Benjamin Franklin Papers

To Benjamin Franklin from John Torris, 13 May 1780

From John Torris

ALS: American Philosophical Society

Dunkerque 13th. May 1780.

Honnd. Sir

On my return Home I Paid Mr. Coffyn the 144 l.t. your Excellency has been so good to give the Bold De Letang.

I Beseech your Excellency will no more advance any money to the People of our Privateers, as they are mostly Paid before hand for their Cruise, they being very extravagant in their Expences.

I have Called at M: Le Duc De Penthievre’s & found the Proces for the Aurora3 was sent the same morning to your Excellency, who, on perusall, will see the flat Contradictions & bad faith in the reports of the Parjured Capt. Roodenberg, & that, these Circumstances, Together with the fraudulous form of the Bills of Lading, which, contrary to the Law of all Nations in war Time, do not mention the owner’s Name, must Clearly prove that the Cargoe is in fact the Property of the Consignataires in Dublin; & were your Excellency to adopt the Ennemy’s method to force the Neutral Reclamateurs to swear to the Property, you wou’d have no further doubt about it, not Presumeing that reputable Merchants woud ever Parjure themselves. The Memorial on the affair, which I daily expect from the Celebrated Mr. Groult, will satisfy your Excellency that, a Condamnation of the Cargoe must forthwith be granted to the Captor. I shall send this Memorial to Mr. De Maussallée my Avocat aux Conseils,4 & he will Call on your Excellency for all the Documents, for to enable Himself to Convince, that, the Cargoe is Legally acquiered to the owners & Crew of the unfortunate Black Prince.

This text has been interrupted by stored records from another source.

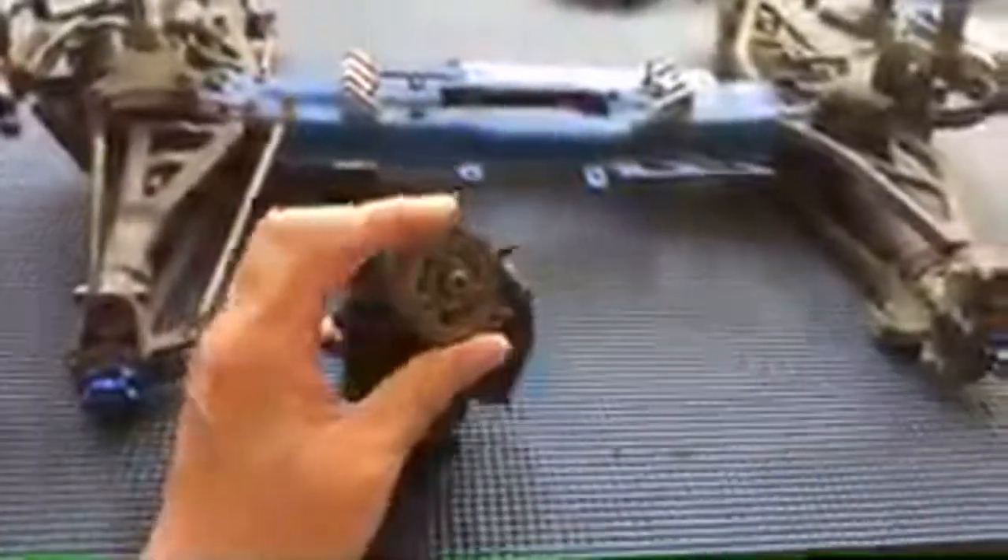There are tons of videos and resources on locking the transmission if you need them. You'll notice this has a metal spur gear. We may or may not continue running high power through this truck - we're probably going to cap it at 3S just to preserve the integrity of the differentials. The differentials in the Revo are notoriously weak, which is why they came out with the E-Revo 2. With massive 3.8-inch tires, there's a lot of stress on those differentials and they don't hold up well.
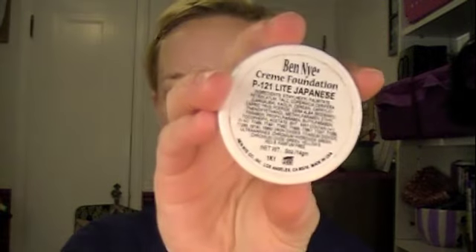Okay, so once you have a clean palette it's time to start with foundation. Now I prefer to use Ben Nye, and I'm going to be using Ben Nye Light Japanese, and I'm going to apply this with a sponge. I got these at Sally's for super cheap. Just apply foundation on the sponge and then you always want to work in downward motions when you're putting on this kind of makeup.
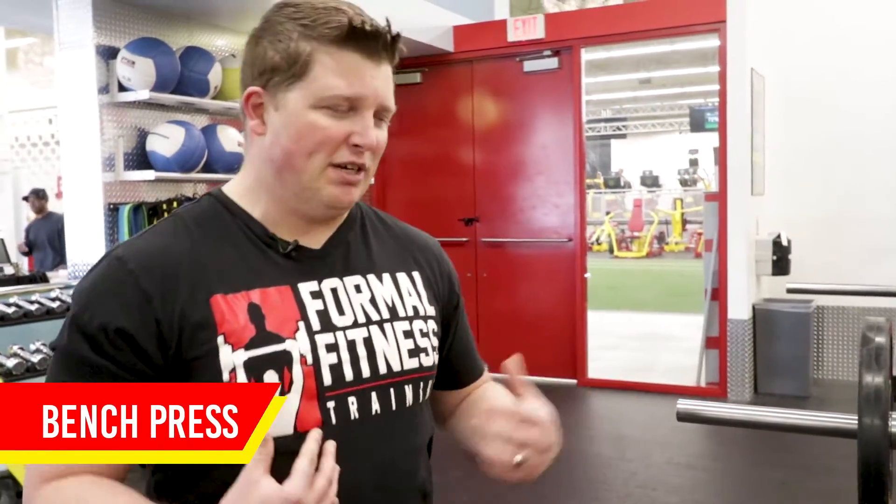Welcome to Formal Fitness Friday. Today we're going to show you another exercise designed to get you in the best shape of your life. We're going to be doing the bench press — it's the upper body king of exercise. I'm going to show you how that's done.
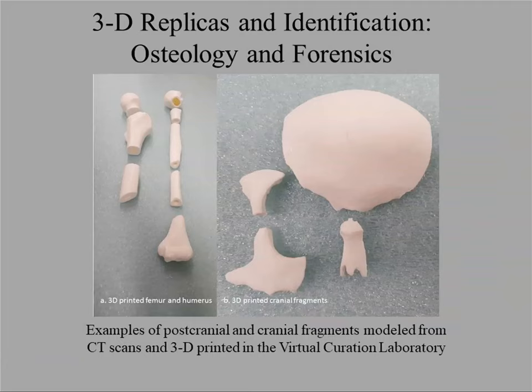Forensics is really useful as well. I've been working with a forensic anthropologist who is frustrated with available forensic models from commercial vendors — they're very expensive and often a complete item like a complete femur. When teaching students, you want to teach from parts of bones, because that's more likely what you'll have in a forensic situation. Using 3D printing is a very quick, easy way to create something useful for teaching forensics.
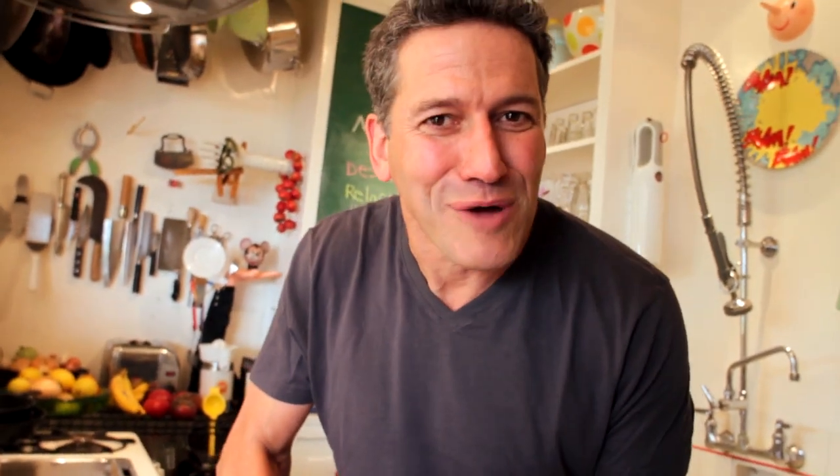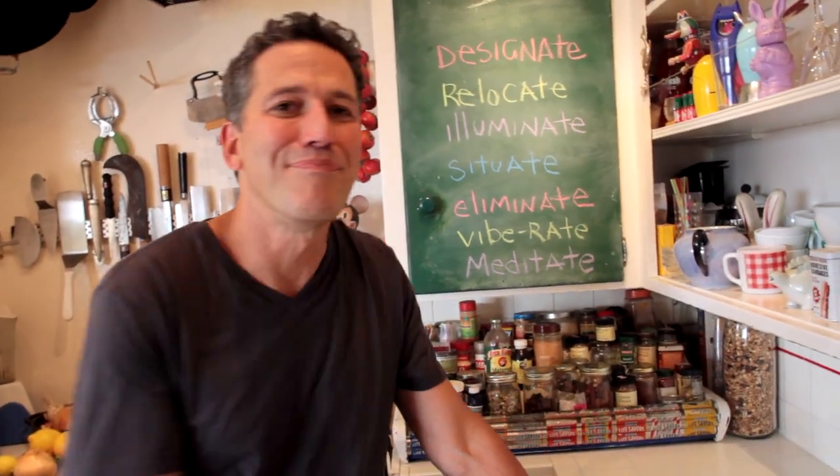Vibrate. Want to drown out the monotony of your chop, chop, chop? Add some tunage to your kitchen. Most kitchens don't have any carpet or upholstery to muffle the sound, so even a cheap pair of bookshelf speakers will add some rock and roll to the room. And lastly, meditate. Because the kitchen is your space, and you want to own your space. You want to turn it into your happy place, as this certainly is mine. A happy place means a happy disposition, which is an ingredient that everyone can taste.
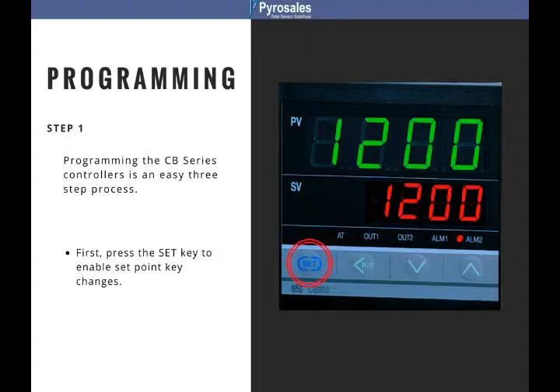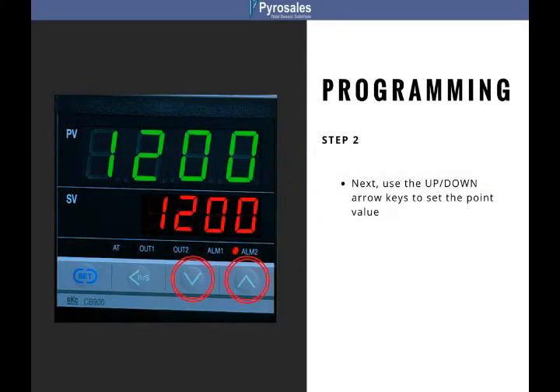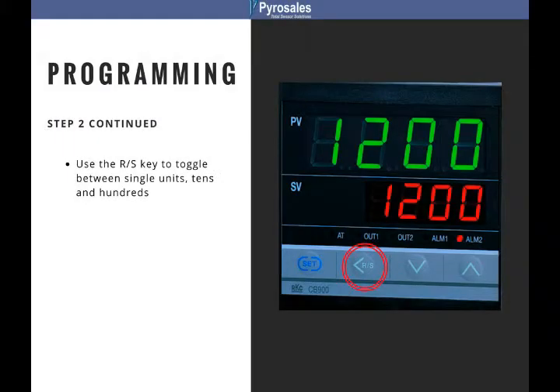First, press the SET key. You will notice that the right-hand digit will become brightly lit. Next, use the up and down arrow keys to set the digit value. Use the SHIFT-LEFT key to toggle between the tens and hundreds columns. You will notice that the selected column will become brightly lit.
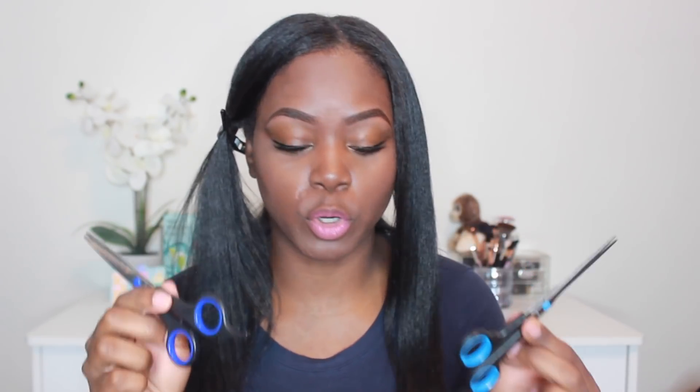I have some scissors here that I picked up from Sally's — these are the Easy Cutting and Trimming Venture Shears. When I was in Sally's, I asked about particular shears I should use just to trim my ends, and she suggested you don't purchase shears that cost under twenty dollars. The whole point of going to Sally's was to stay away from Walgreens shears — those last maybe one or two trims before they become dull.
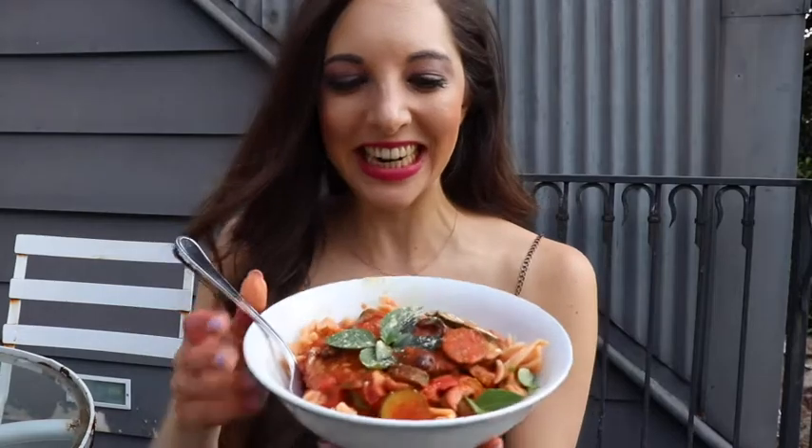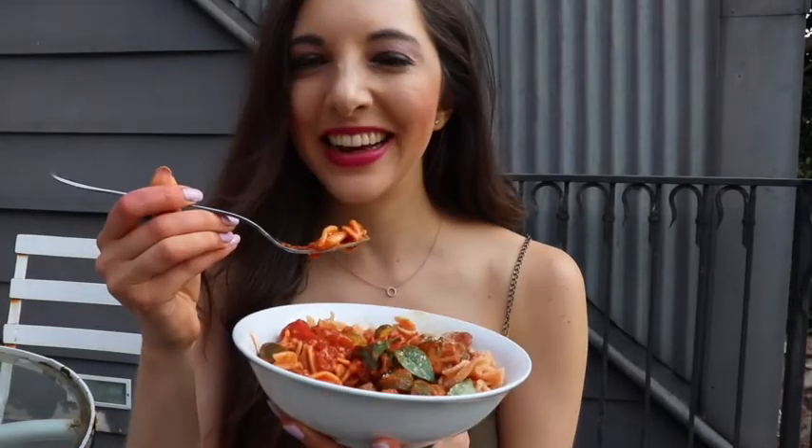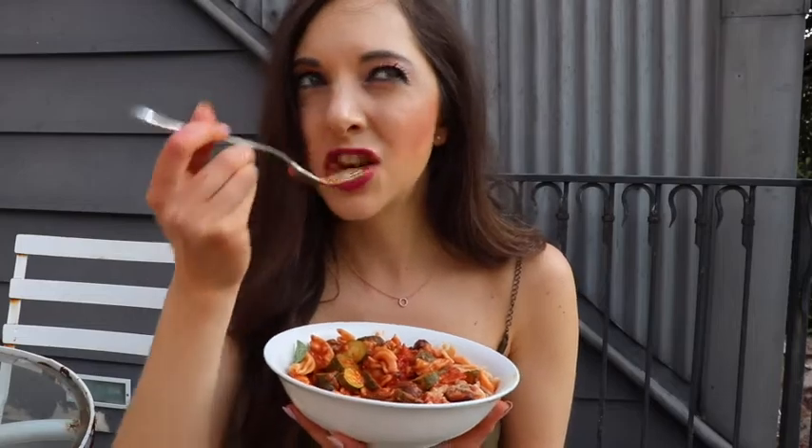I am so hungry and so excited to eat this deliciousness. Each time I can't believe I'm eating a pasta. Who needs Italy? Yum — this is actually unfair of me. I should be sharing this with other people. I can't be eating this by myself each time. Next time I'm gonna be sharing this with other people and seeing what they say — then you guys can believe how good this is. Cheers!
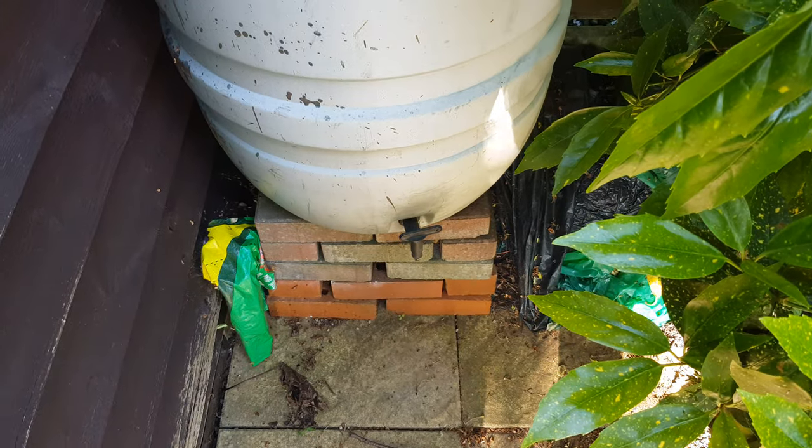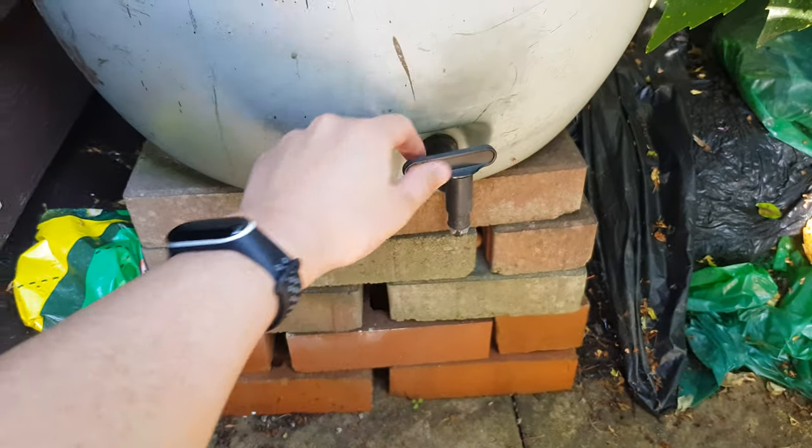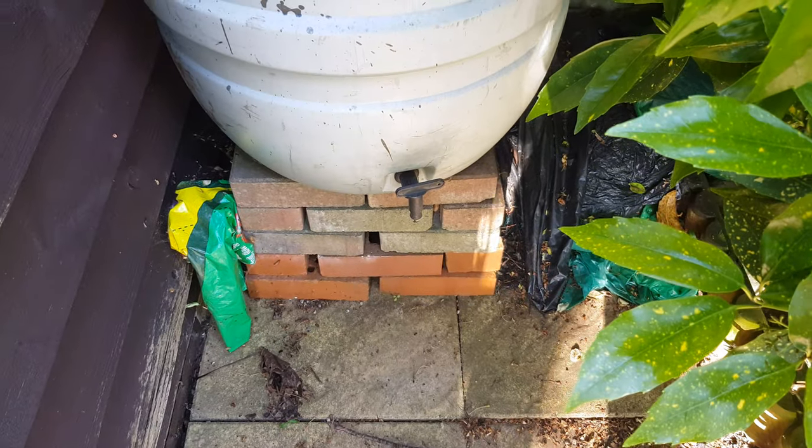In case you're wondering why I use the hose, we do have a rainwater reservoir. But as you can see, inside the water level is way too low and below the level of the tap out here. So it's been a dry couple of days.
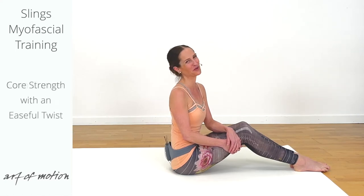Core ease and core power are at the center of this sling's myofascial training practice. Hi and a warm welcome.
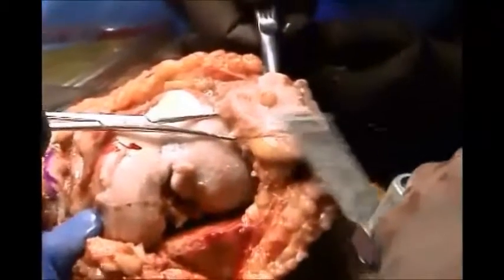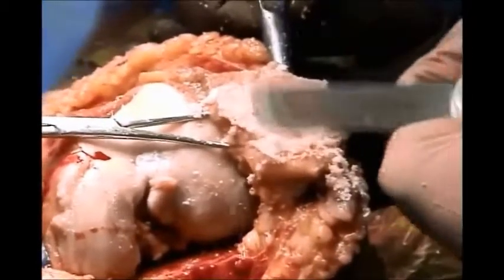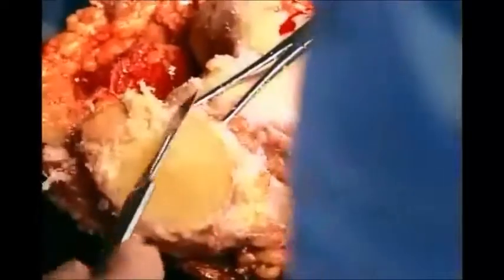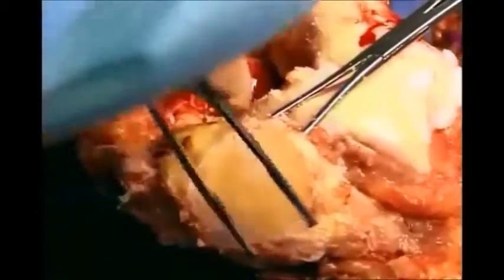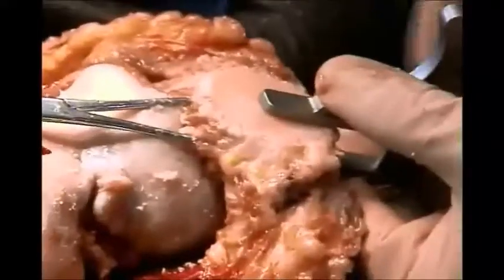Then you measure the patella and replace as much bone as is the thickness of the implant so that you don't overstuff. Also remove all the loose synovium and soft tissue around the patella. I do not use any jig — I cut the patella freehand.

I have wrote yesterday to Morlaix for all the Papers that might have been found on Board of our Two unCondamned English Prises, Lying & spoiling there.

The Friendship Capt. Pretty John with salt from Lisbon to Dartmouth.

The Peter Capt. Thos. Byrne from London to Madeira with flour.

So soon these documents reaches, if any found, I shall forward them to your Excellency.

But in the Interim, Capt. Dowlin observes, that, your Excellency will run no kind of risk in ordering the admiralty at Morlaix to sell previously, Because, Besides the reports, the Prisonners Bills signed by both Crew when set at Liberty, wherein their stations on Board are mentionned, which he deliver’d to Mr. John Diot who sent them to your Excellency the 27th. March,5 do explain & prove so well, that these Vessells were maned entierely with British Subjects, therefore were English Bottoms, & of Course good Prises, that your Excellency need no other proof to Condamn, & in argueing I never thought of these signed obligations of both Crews, Laying in the Hands of your Excellency. I am now Persuaded that on Peruseing them, your Excellency will remove all kind of objections & be enabled to grant Immediate Justice to the Captors in Condamning without further delay these Two Spoiling Prises, & endeed, these proofs wou’d be fully sufficient in our Tribunals.

I remain with all respect Honnd. Sir your Excellency’s Most obedient & most Humble Servant

J. Torris

Endorsed: May 13

Notation: Mr. Torris May 13. 1780.—

[Note numbering follows the Franklin Papers source.]

3I.e., the Flora.

4XXX, 404n.

5Missing, although see Diot’s April 25 letter to BF.